Improving Groovy script compilation performance

66 views
Skip to first unread message

Cedric Champeau

unread,
Sep 27, 2015, 12:11:51 PM9/27/15
to gradle-dev
Hi guys,

I was investigating how to improve performance of compilation of Groovy scripts. As you may know, I recently introduced org.gradle.groovy.scripts.internal.DefaultScriptCompilationHandler.ShortcutClassNodeResolver, which greatly improved compilation times by avoiding calls to classloader.findClass for some special class names patterns.

I think that we can improve this even better. One issue today is that we dumbly add a lot of default imports to scripts. The list of default imports is found in a file named default-imports.txt which is generated at build time. This list is big (175 entries), which is equivalent to adding 175 star imports at the beginning at each script.

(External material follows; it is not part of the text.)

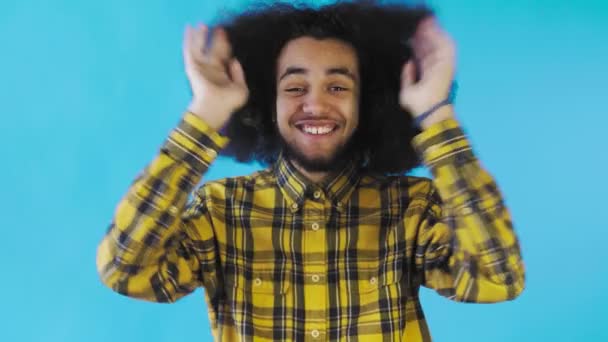 Endişeli Afro-Amerikalı Adam gülüyor, ellerini yüzüne dikiyor ve Mavi Arkaplanda Başarı Kutlaması. — Stok video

So each time a class literal is found in a script, the compiler has to look into the star imports and check if a class with that name exists in the package. For example, when it sees "JvmLibrarySpec", it has to test:

org.gradle.JvmLibrarySpec
org.gradle.api.JvmLibrarySpec
org.gradle.api.artifacts.JvmLibrarySpec
...
until it finds the right one: 
org.gradle.jvm.JvmLibrarySpec

which is the 74th entry in the import list!

I can see several ways to improve this:

1. remove some imports from the default list in order to reduce the number of classes to check
2. reorder imports to have the most likely packages first
3. only add imports based on the plugins which are applied
4. add a cache which is shared by all compilations, based on the classpath. It is different from the cache in CachingClassLoader, because it would act at the resolver level, and would be aimed at caching misses.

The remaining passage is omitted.